Bei kurzfristiger Dienstplan-Änderung: Musst du auch nach Feierabend für den Chef erreichbar sein?
Autor: Klaus Heimann
Deutschland, Montag, 23. Januar 2023
Dienstpläne strukturieren den Arbeitsalltag. Kurzfristige Änderungen bringen alles durcheinander und sind bei den Mitarbeitenden äußerst unbeliebt. Aber können Arbeitgebende die Arbeitszeiten einfach ändern und musst du dafür auch nach Feierabend für den Chef erreichbar sein?
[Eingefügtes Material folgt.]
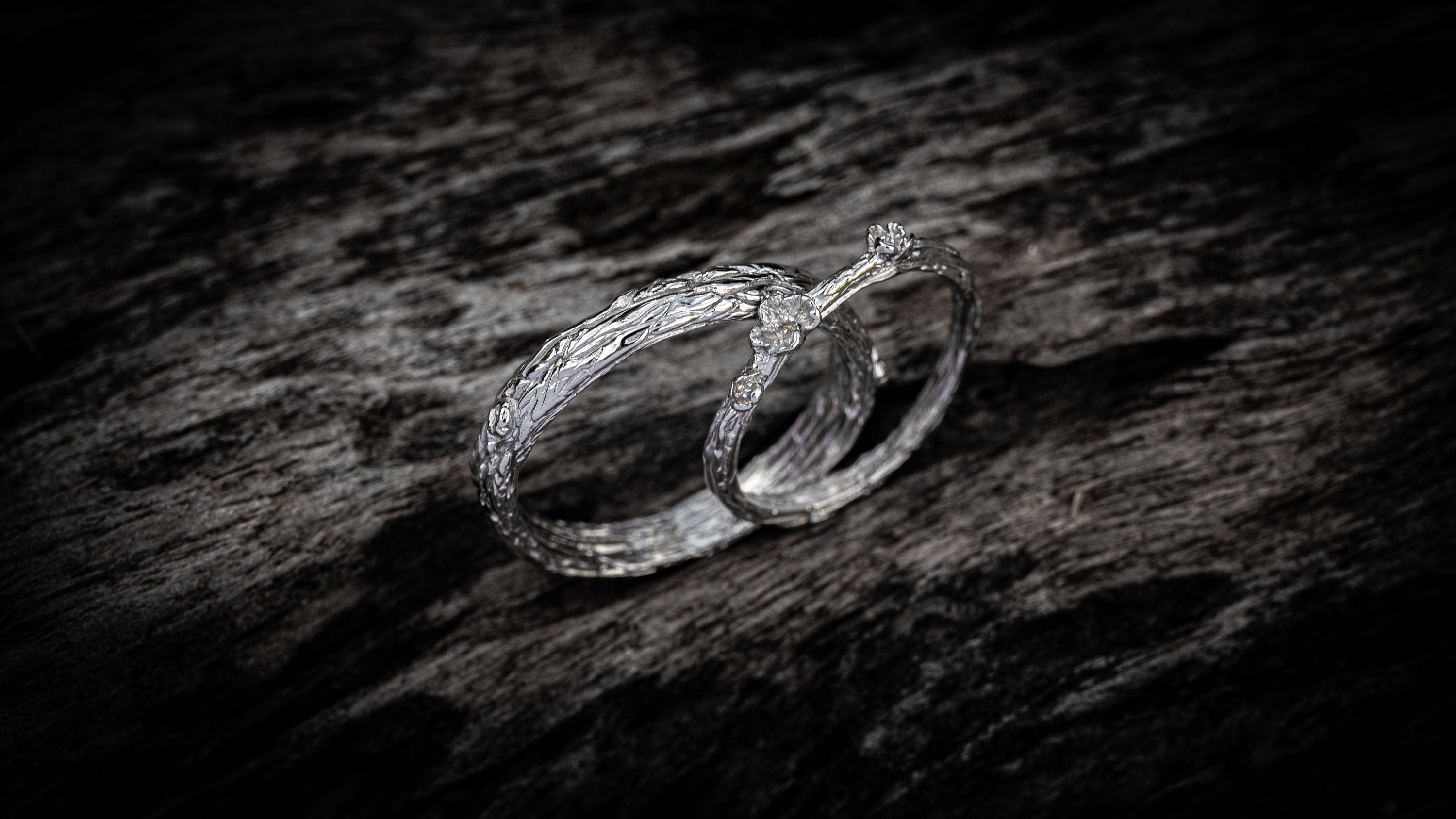Matching gold wedding bands inspired by forest bark texture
- Änderung des Dienstplans: Vier Tage Vorlauf verlangen die Gerichte
- Dienstplanänderung per SMS und Telefon: Musst du für den Chef immer erreichbar sein?
- Dürfen deine Vorgesetzten Überstunden anordnen?
Die Frage des Chefs, der Chefin: "Kannst du morgen nicht in die Nacht wechseln? Die Nachtschicht ist ausgefallen". In Krankenhäusern, in Altenheimen, bei der Feuerwehr, der Polizei, bei Security-Unternehmen und an vielen anderen Arbeitsplätzen ist das der Alltag. Aber: Wie kurzfristig dürfen Änderungen sein, was dürfen Arbeitgeber*innen bei der Arbeitszeit anordnen?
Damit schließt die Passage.